# Super Nintendo



## ATOMIC SUPLEX (Jun 8, 2011)

I got this out last night. 
It's not that super at all. Looks pretty crappy by todays standards. 

Still I did a couple of levels of cannon fodder and was mildly amused by lethal enforcers. Does anyone have the second gun for lethal enforcers?

Wow it all came flooding back to me. 

I actually wanted to play the Atari, but I can't find the adaptor. I have a multi adaptor but I wasn't sure if I got it working or not. I stuck the nintendo in to check the signal. 

Anyone got a 2600 9v 500ma adaptor? 

Why am I posting this rubbish?


----------



## Crispy (Jun 8, 2011)

SNES has some of the best nintendo games ever. Super Mario World, Zelda: Link to the Past, F-Zero, Starfox. So many more. They're still excellent games (although better played on emulators these days IMO, for instant save/load if nothing else)


----------



## ATOMIC SUPLEX (Jun 8, 2011)

I have all those games and they are terrible. 

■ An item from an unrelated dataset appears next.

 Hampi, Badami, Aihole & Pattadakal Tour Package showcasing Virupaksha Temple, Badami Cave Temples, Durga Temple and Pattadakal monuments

I played starwing (not starfox in the uk) a fair but though. 

Super bomber  man
Streetfighter
Mariocart
Another World

Now you are talking!


----------



## mwgdrwg (Jun 8, 2011)

All night sessions of Street Fighter II, Mario Kart, Pilotwings, Striker.....ah the memories


----------



## mwgdrwg (Jun 8, 2011)

ATOMIC SUPLEX said:


> I have all those games and they are terrible...

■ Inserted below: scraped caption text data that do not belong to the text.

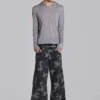 Pantalon cargo noir délavé motif camouflage Trooper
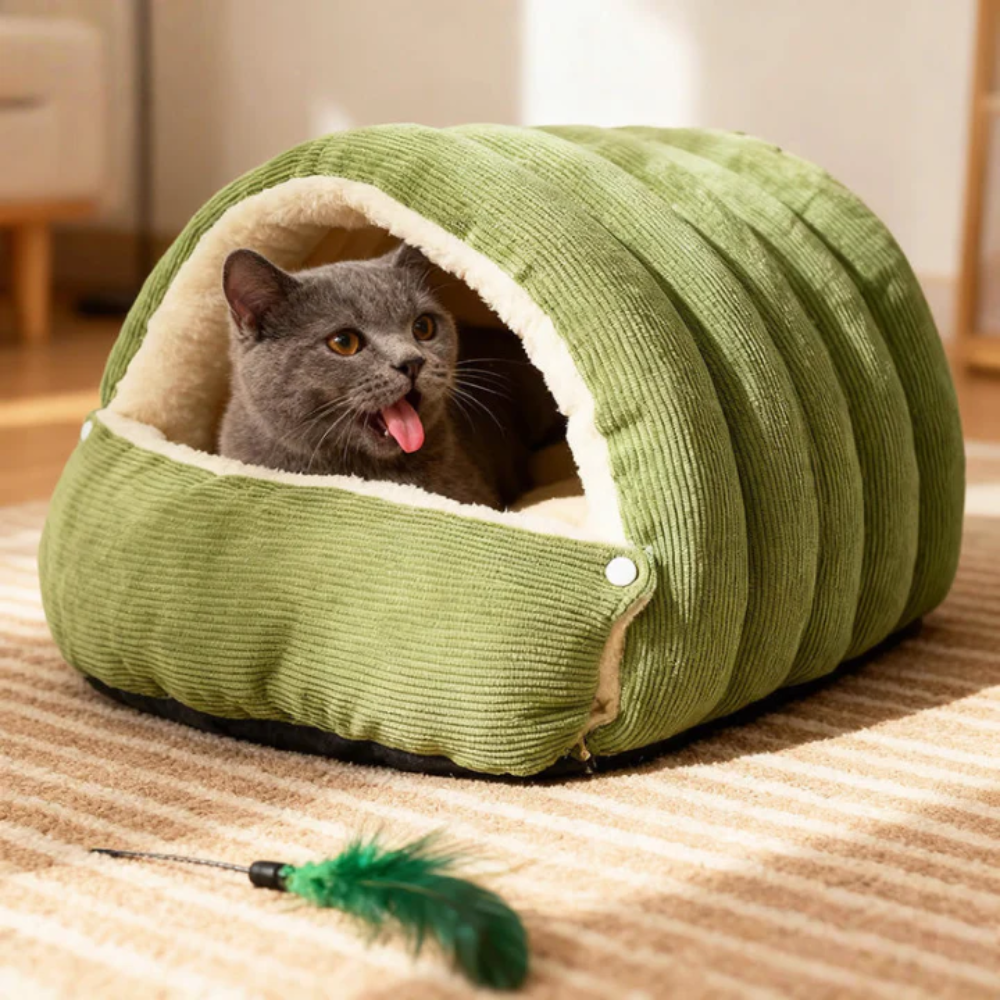Kuschelige Haustierhöhle aus Polyesterfaser Katzenbett Hundebett in Cordoptik für Katzen und Kleine Hunde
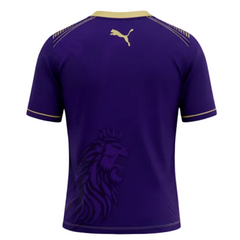 RCB Purple Cricket Jersey with Gold Lion Design – Premium Fan Edition Shirt (Puma Style)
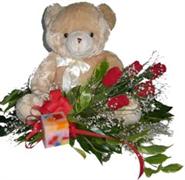5 adet g�l , mum ve ayicik sevdiklerinize �zel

You are dead inside, dead!


----------



## Shippou-Sensei (Jun 8, 2011)

FFVI
breath of fire II
crono trigger
 tales of phantasia 

and loads more


----------



## ATOMIC SUPLEX (Jun 8, 2011)

Shit I just looked at the boxes of the games.
£35 for super bomber man, I thought "what the fuck was I thinking" Until I saw . . . 

£75 for lethal Enforcers
£65 for Mortal Kombat 2

I was at college FFS how did I afford that?


----------



## Captain Hurrah (Jun 8, 2011)

Contra/Probotector.


----------



## cliche guevara (Jun 8, 2011)

I recently played through Chrono Trigger using an emulator on my phone, winner.


----------



## Captain Hurrah (Jun 8, 2011)

Still-sealed SNES games can fetch a lot of money these days, with collectors.


----------



## Shippou-Sensei (Jun 8, 2011)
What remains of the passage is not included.